PhobosWatch: manifest => enum

Janice Caron caron800 at googlemail.com
Fri Dec 28 08:22:39 PST 2007


On 12/28/07, Steven Schveighoffer <schveiguy at yahoo.com> wrote:
> ""Jérôme M. Berger""  wrote
> > Walter Bright wrote:
> >> The reason this won't work is because:
> >>     const int x = 3;
> >> will type x as const(int), not int. There needs to be a way to declare a
> >> constant of type int.
> >
> > Er, why? Taking "&x" should return a "const (int)*" and using "x"
> > directly should always work so long as you don't modify it. Are you
> > telling us that the following code will fail:
> >
> > void func (int param)
> > {
> > }
> >
> > const int x = 42;
> > int y = x;              // <= This should work
> > func (x);               // <= This should work too
> >
> > Or is there something I'm missing here?
>
> I agree with everything you are saying, except I think Walter is thinking of
> the case:
>
> const int x;
> auto y = x;  // y is now const

Oooh - I think I ought to say something here, since I was one of the
folk arguing that const(T) and const T should be interchangable.
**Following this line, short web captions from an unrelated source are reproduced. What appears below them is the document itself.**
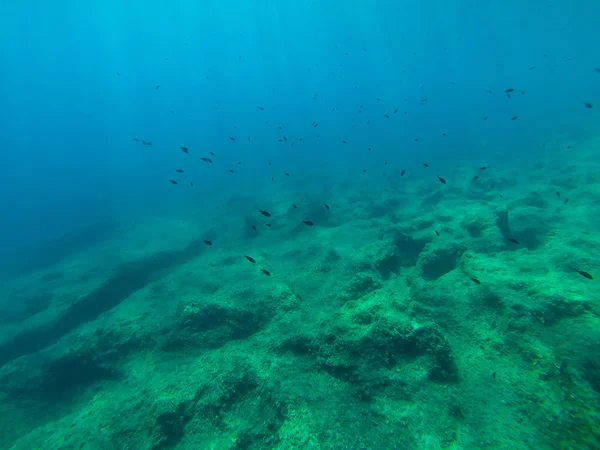 Snorkerilng nei mari della Sicilia — Foto Stock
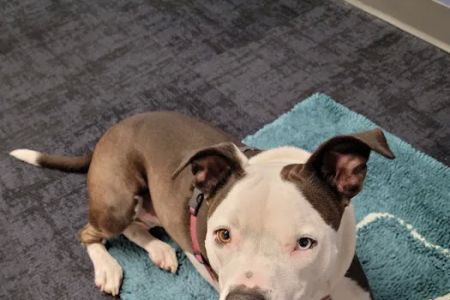 Balance Veterinary Center
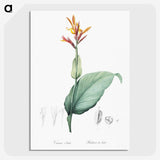 1-49_The-Lilies_picture-crop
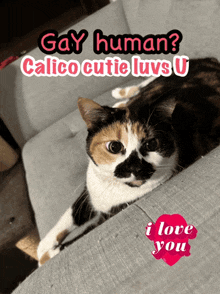 a calico cat laying on a couch with the words gay human calico cutie luvs u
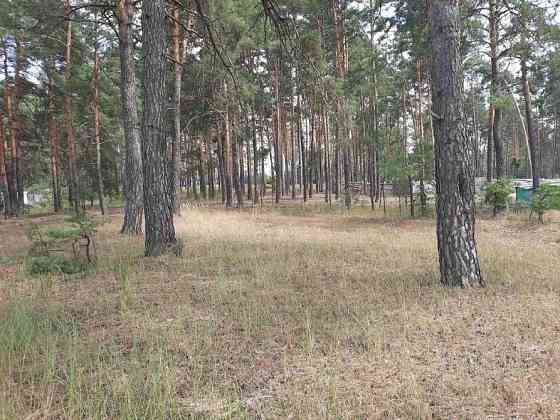 Ми пропонуємо чудову ділянку біля лісу в с. Нижча Дубечня 🌲 Вышгород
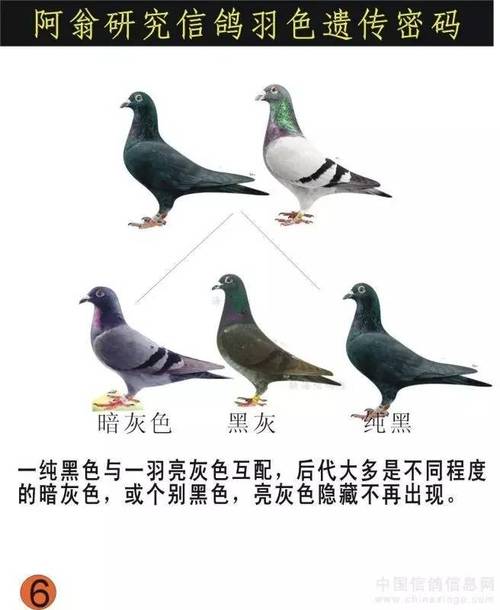 信鸽羽毛颜色的遗传规律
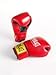 Everlast Boxing Fighter Glove 16oz
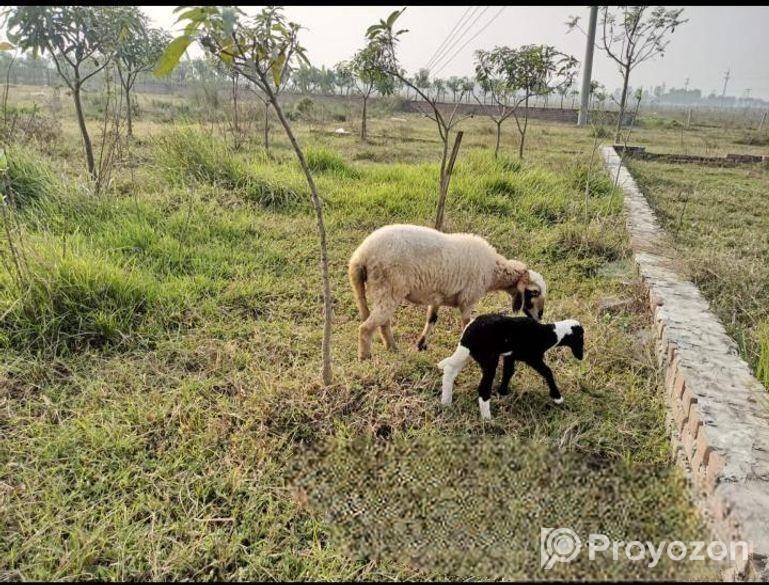 Land Sell
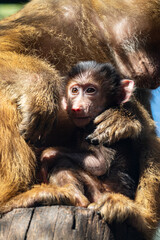 Close-up vertical portrait of an infant baboon monkey looking forward with wide brown eyes. Concept of parental protection, security and animal family. © Stanislav
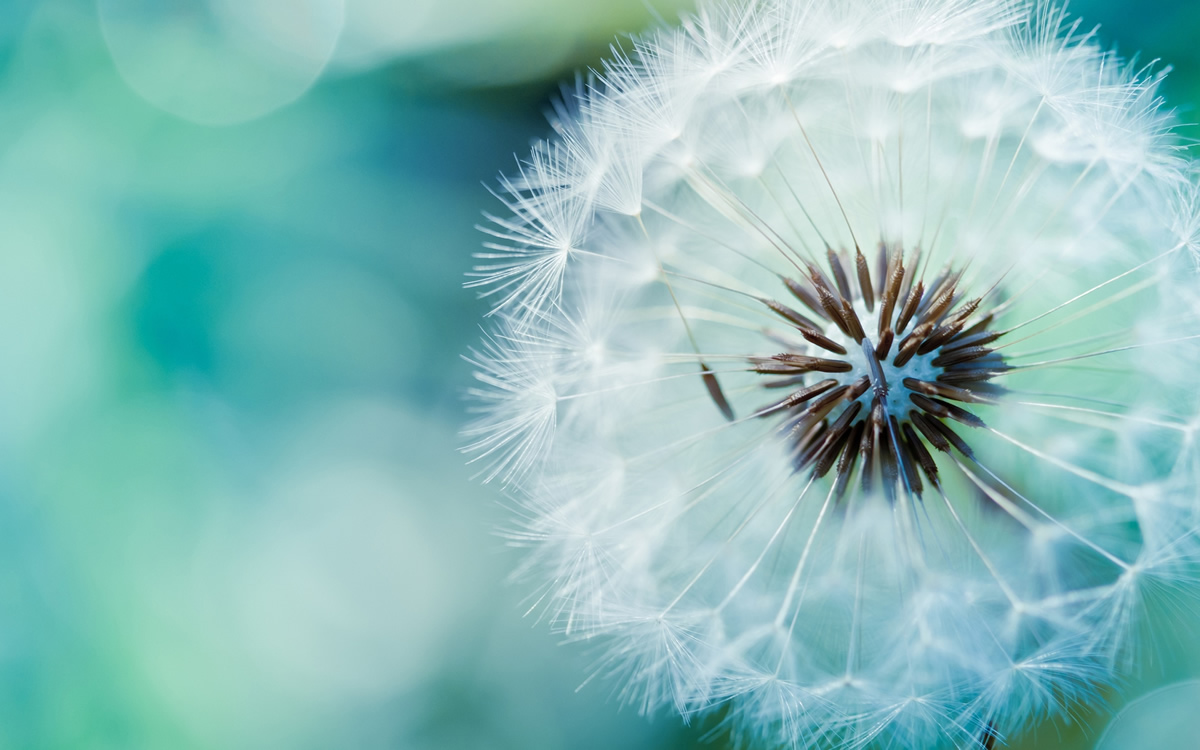 Slider banner image -  1
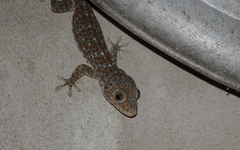 Gekko gecko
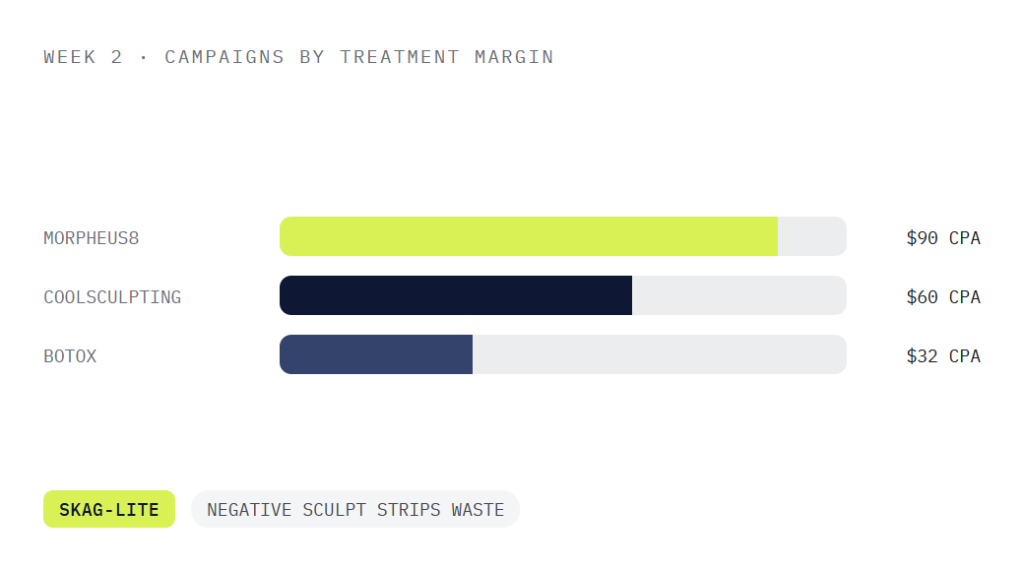 med spa PPC deliverable panel visualizing scope of work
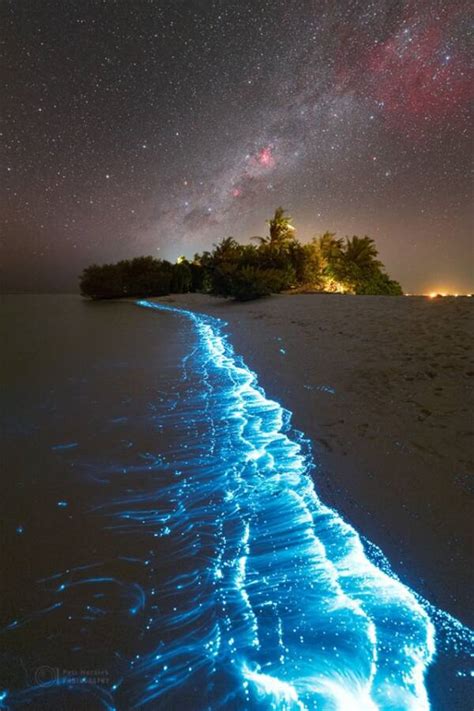 Explore The Sparkling Sea Of Stars In The Maldives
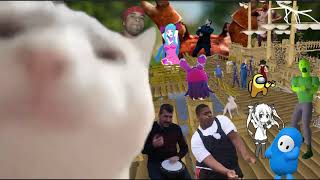 Cat Vibing To Sea Shanty 2 Phatbeatz Remix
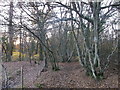 Bridleway beside Wellhead Wood East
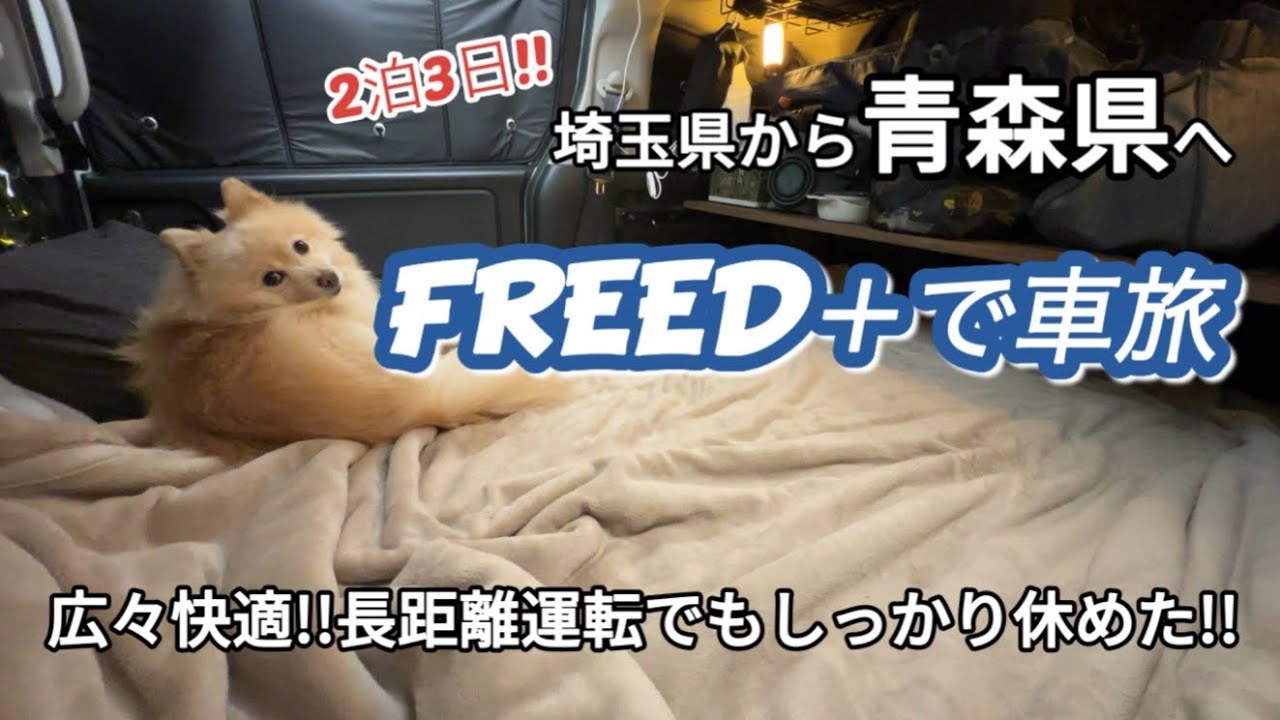 【FREED＋】【青森県】【車中泊】快適仕様になったので青森まで行ってきた！！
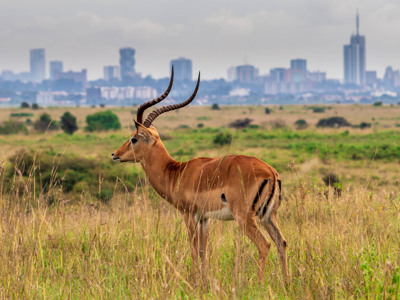 Route tot mei 2025: Kenia en Tanzania, 12-dagen - Dag 1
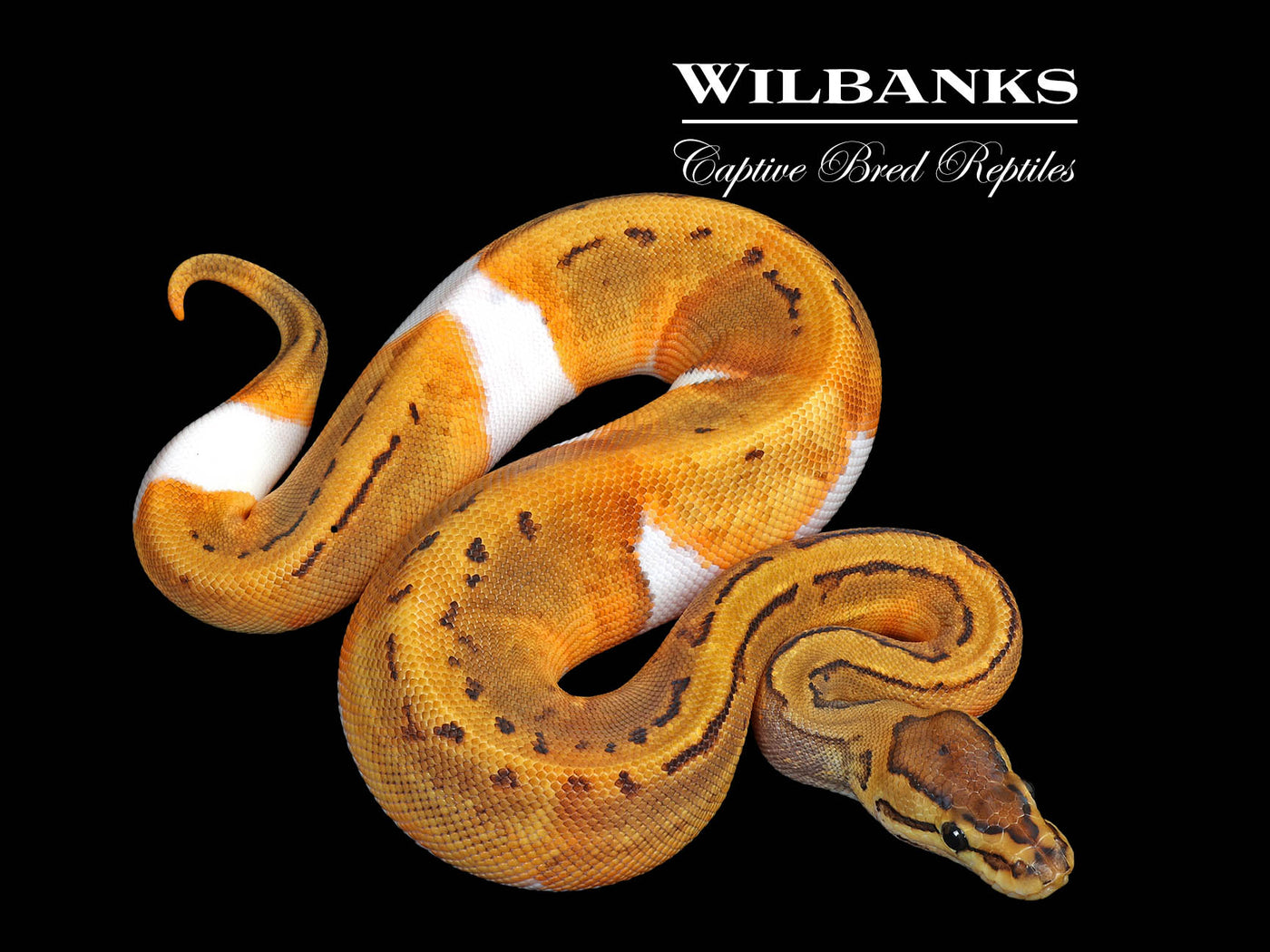Pinstripe Pied Ball Python ♀ '25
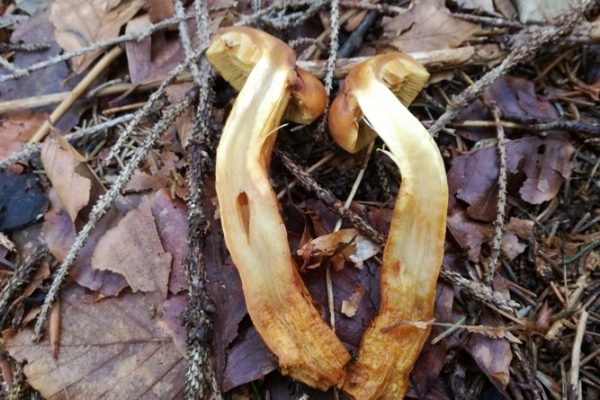 cortinarius-limonius-016-copiaE5459E36-3843-4E21-3590-63F61C838E69.jpg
The thing is, I just don't see the problem. Given code like:

    const int x;
    auto y = x;

it should be possible to end up with x being a manifest constant,
unless the address is taken by some other piece of code somewhere
else. As I've mentioned before, x is not merely const, it's actually
/invariant/, despite the const declaration, because there is no
conceivable way for any piece of code anywhere in the program to
change it, ever (...except by doing stuff which is undefined,
obviously, but that doesn't count).

And that's good, right? If the compiler is really smart, it might be
able to treat is as invariant(int). If not, treating it as const(int)
is harmless.

But as for y...

y is a /copy/ of x, and clearly it should be possible to make a copy
of a const thing and have the copy be mutable. Head constness needs to
be dropped here, exactly as it is dropped in template distinction in
D2.008 (t!(int) is the same thing as t!(const(int)) unless special
syntax is used).

In fact, x is very much like a template, and could be implemented in a
similar way - don't instantiate it (allocate it storage space in the
ROM segment) unless it is referenced (its address is taken).

I don't see why any of this isn't possible. Maybe that's because I'm
dumb and I'm missing something obvious, but I'm baffled as to what it
is. And if I /haven't/ missed anything, then we don't need a new
keyword /at all/ - be it enum, manifest, or anything else.